[Work order] For this item, repeat the material exactly while omitting its pictures.

Material shown section start

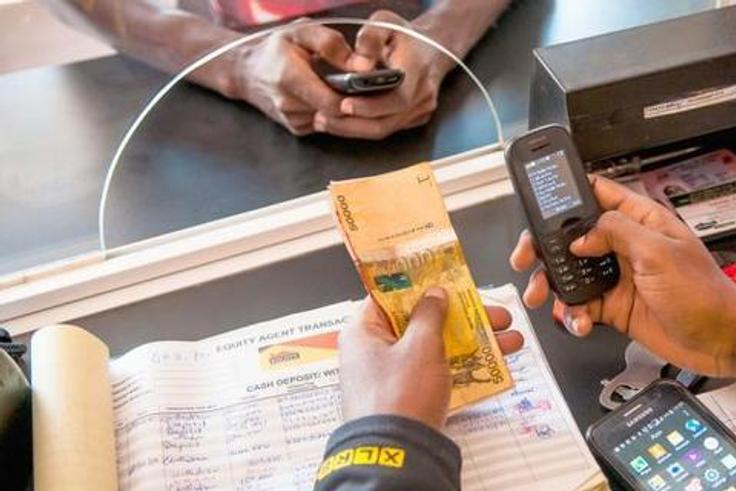 A report by Bill Gate’s Foundations shows Nigeria’s impressive mobile money performance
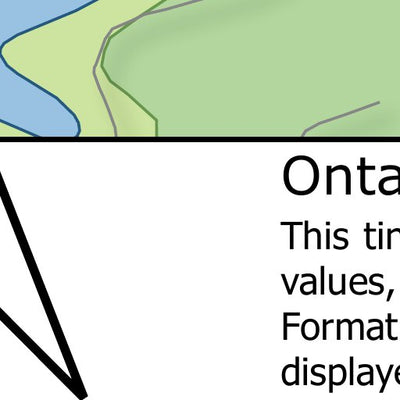 Ontario Nature Reserve: North Driftwood River Preview 3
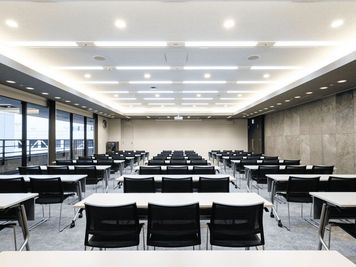 名古屋会議室 今池ガスビル店 プラチナルーム（応用形）の室内の写真
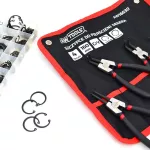 AWTOOLS SZCZYPCE SEGERA 200/4cz/ETUI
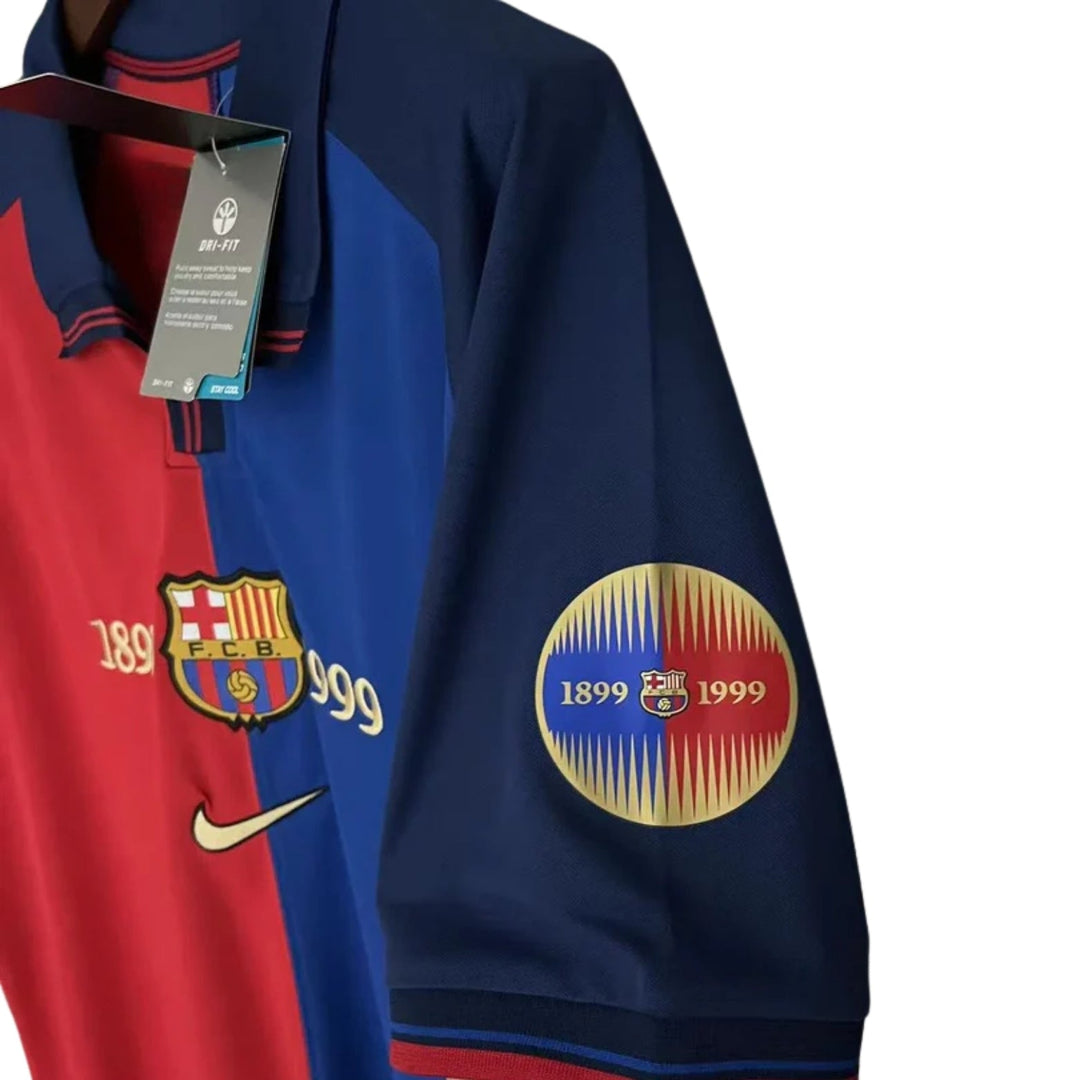 Barcelona 99/00 - 100th Anniversary
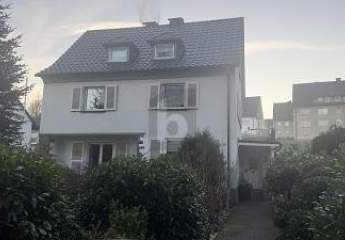 EXKLUSIVES WOHNEN MIT GARTENPARADIES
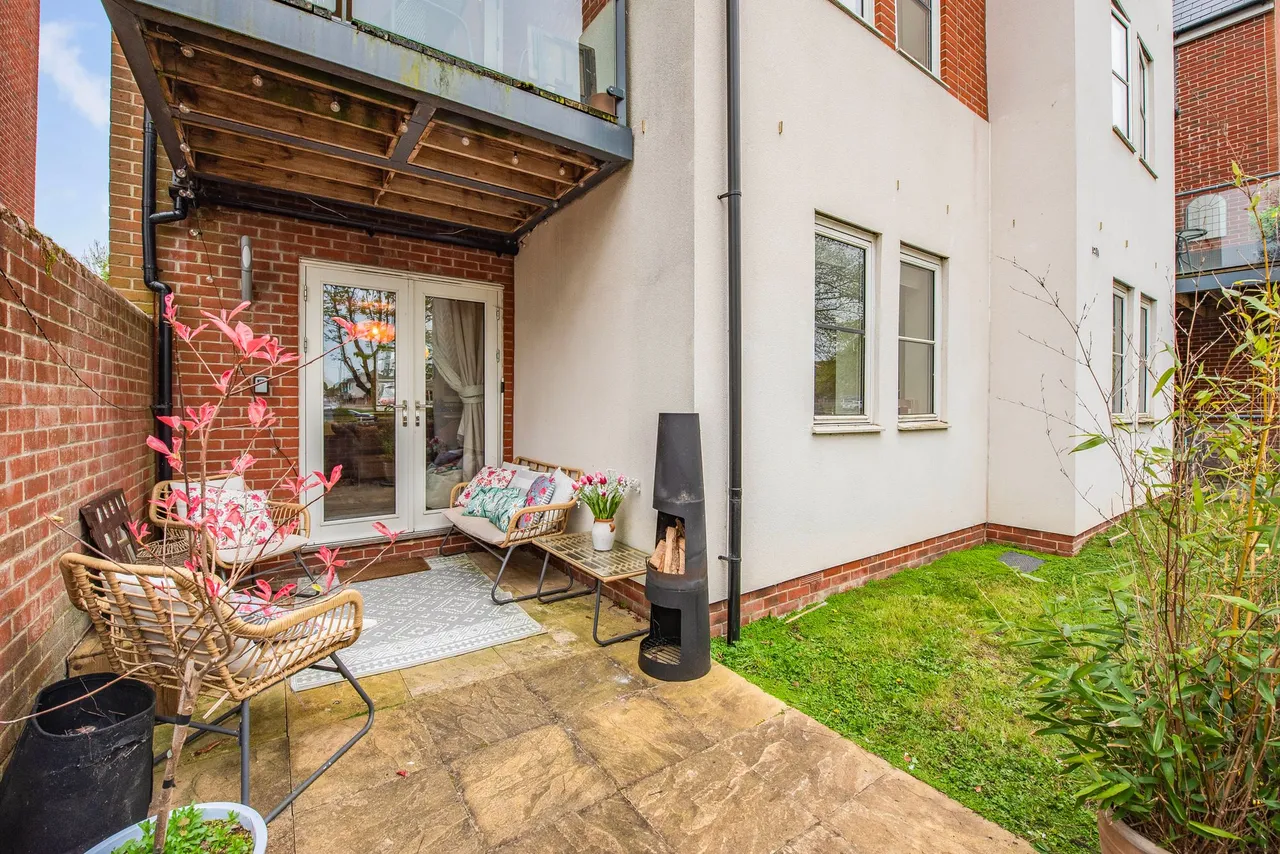 John Rennie Road, Chichester, PO19, photo 8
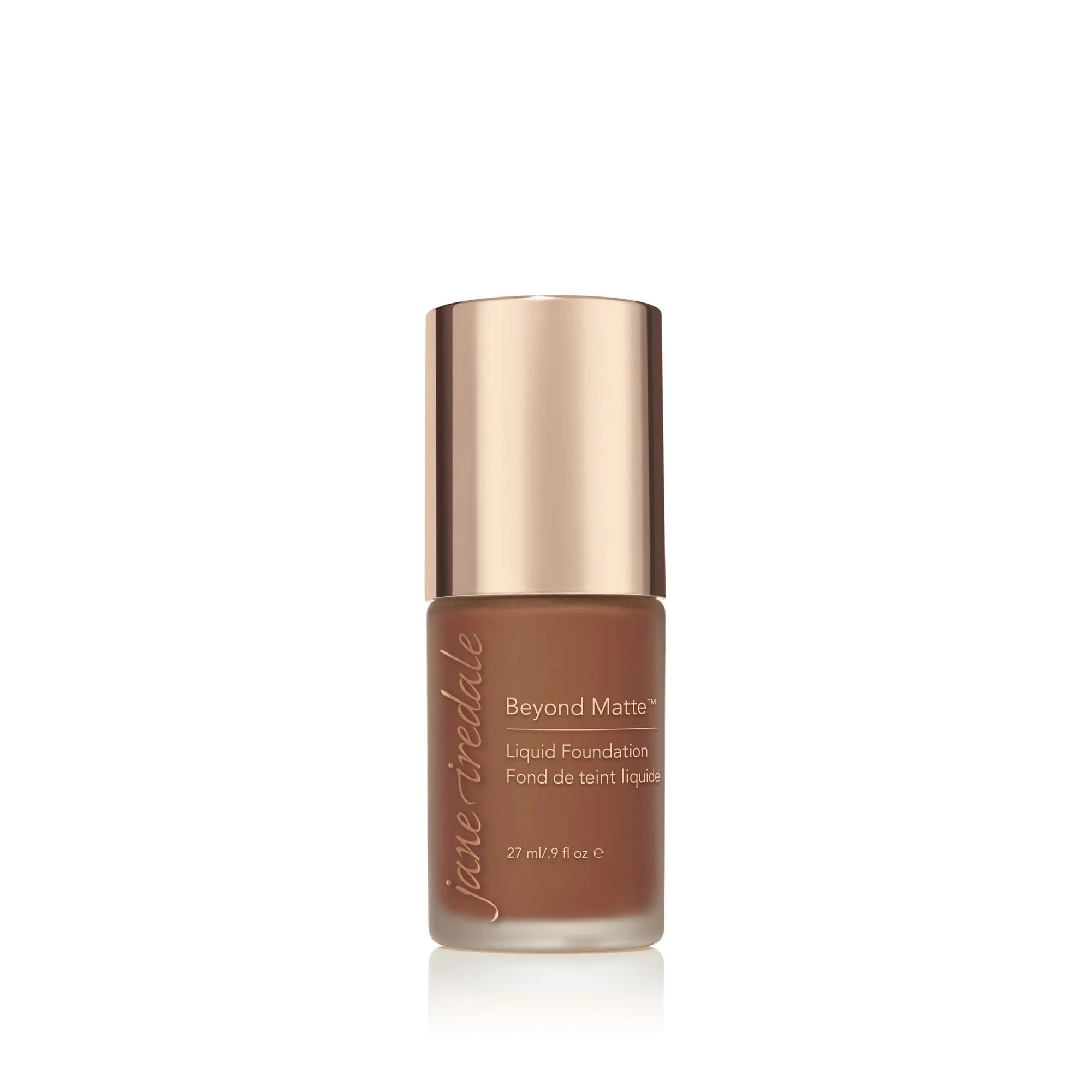 Jane Iredale Beyond Matte M16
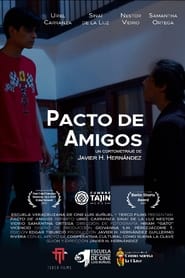 Pacto de Amigos' Poster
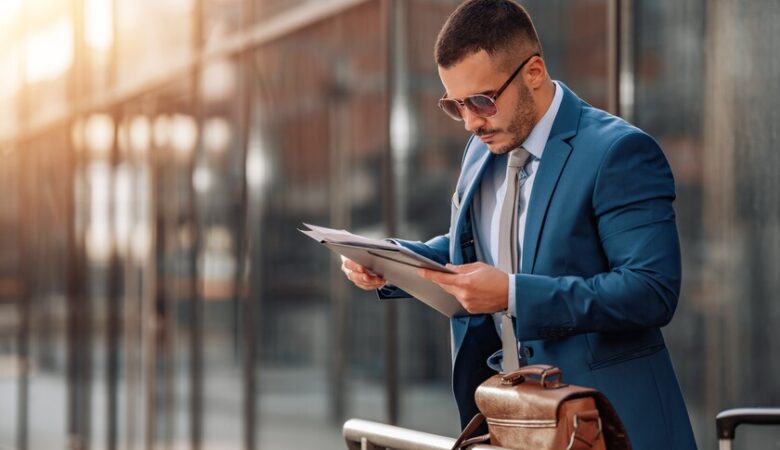 6 Corporate Travel Security Risks And How To Avoid Them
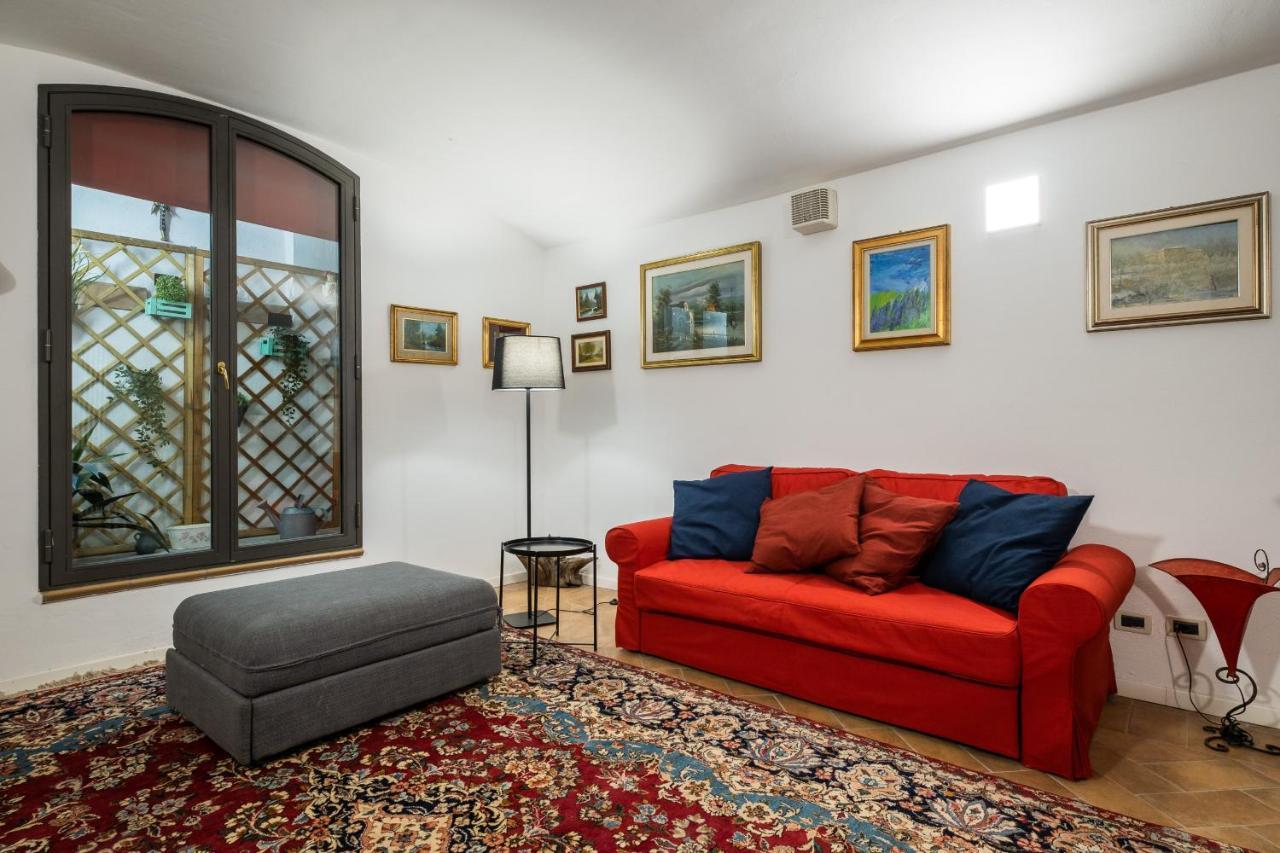 Апартаменти Duplex Centotrecento By Wonderful Italy Болонья Екстер'єр фото
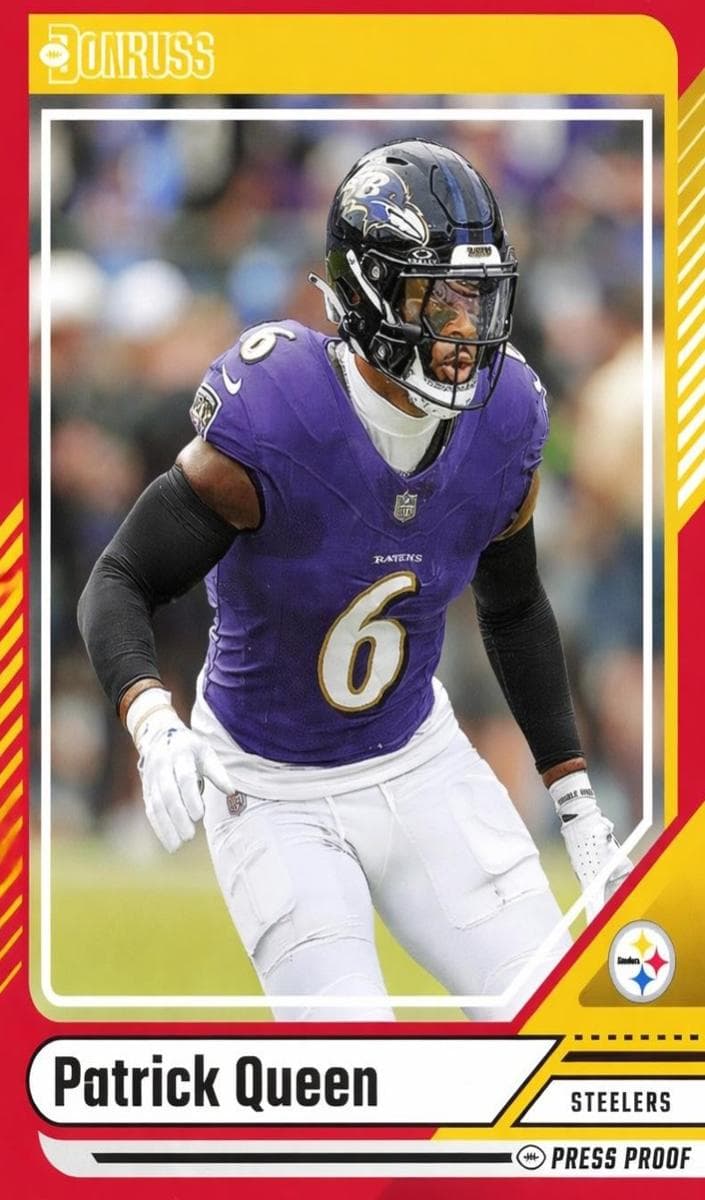 Travis Etienne Jr. 2024 panini Panini Donruss Optic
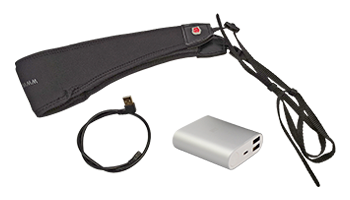 Extended Life Battery Package
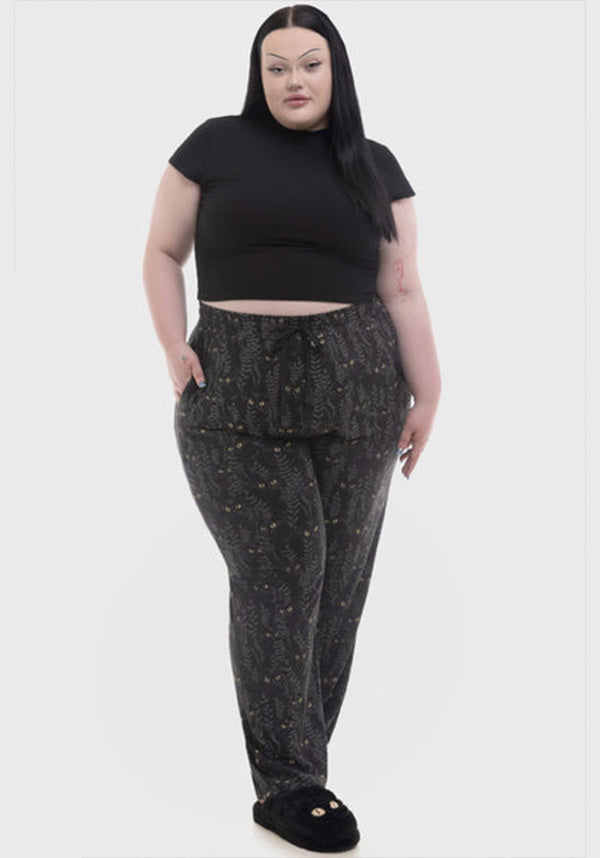 Familiar Woods | LOUNGE PANTS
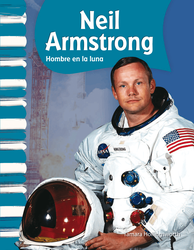 Neil Armstrong (Spanish Version)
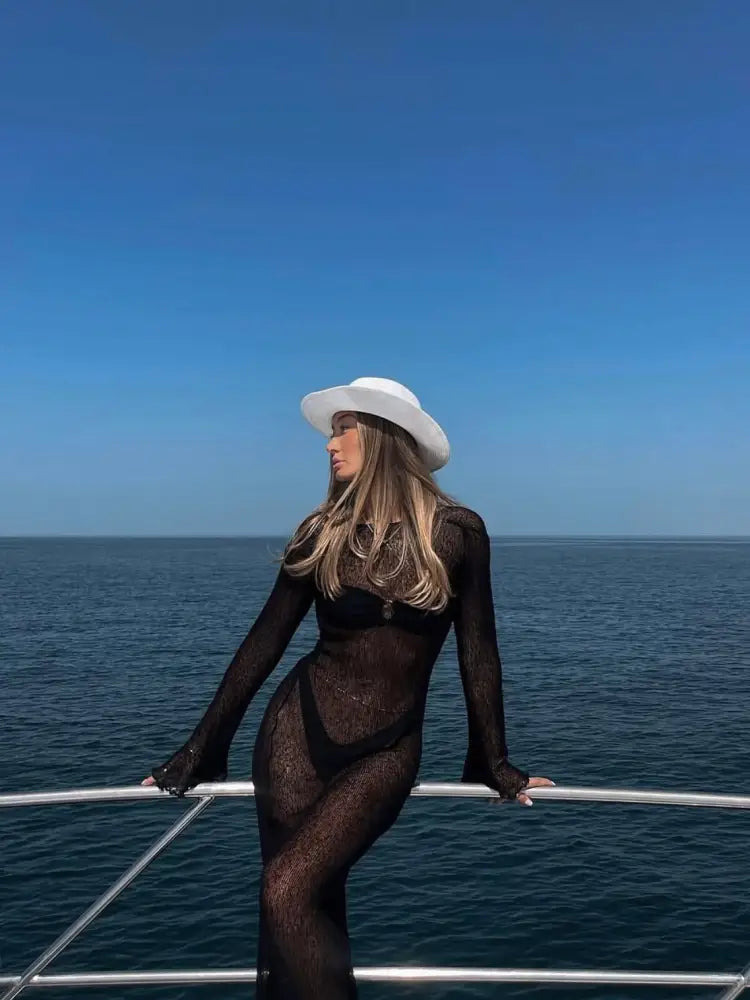 Saida de Praia Juno Saida de Praia Juno®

Material shown section end

[Expected answer]
 A report by Bill Gate’s Foundations shows Nigeria’s impressive mobile money performance
 Ontario Nature Reserve: North Driftwood River Preview 3
 名古屋会議室 今池ガスビル店 プラチナルーム（応用形）の室内の写真
 AWTOOLS SZCZYPCE SEGERA 200/4cz/ETUI
 Barcelona 99/00 - 100th Anniversary
 EXKLUSIVES WOHNEN MIT GARTENPARADIES
 John Rennie Road, Chichester, PO19, photo 8
 Jane Iredale Beyond Matte M16
 Pacto de Amigos' Poster
 6 Corporate Travel Security Risks And How To Avoid Them
 Апартаменти Duplex Centotrecento By Wonderful Italy Болонья Екстер'єр фото
 Travis Etienne Jr. 2024 panini Panini Donruss Optic
 Extended Life Battery Package
 Familiar Woods | LOUNGE PANTS
 Neil Armstrong (Spanish Version)
 Saida de Praia Juno Saida de Praia Juno®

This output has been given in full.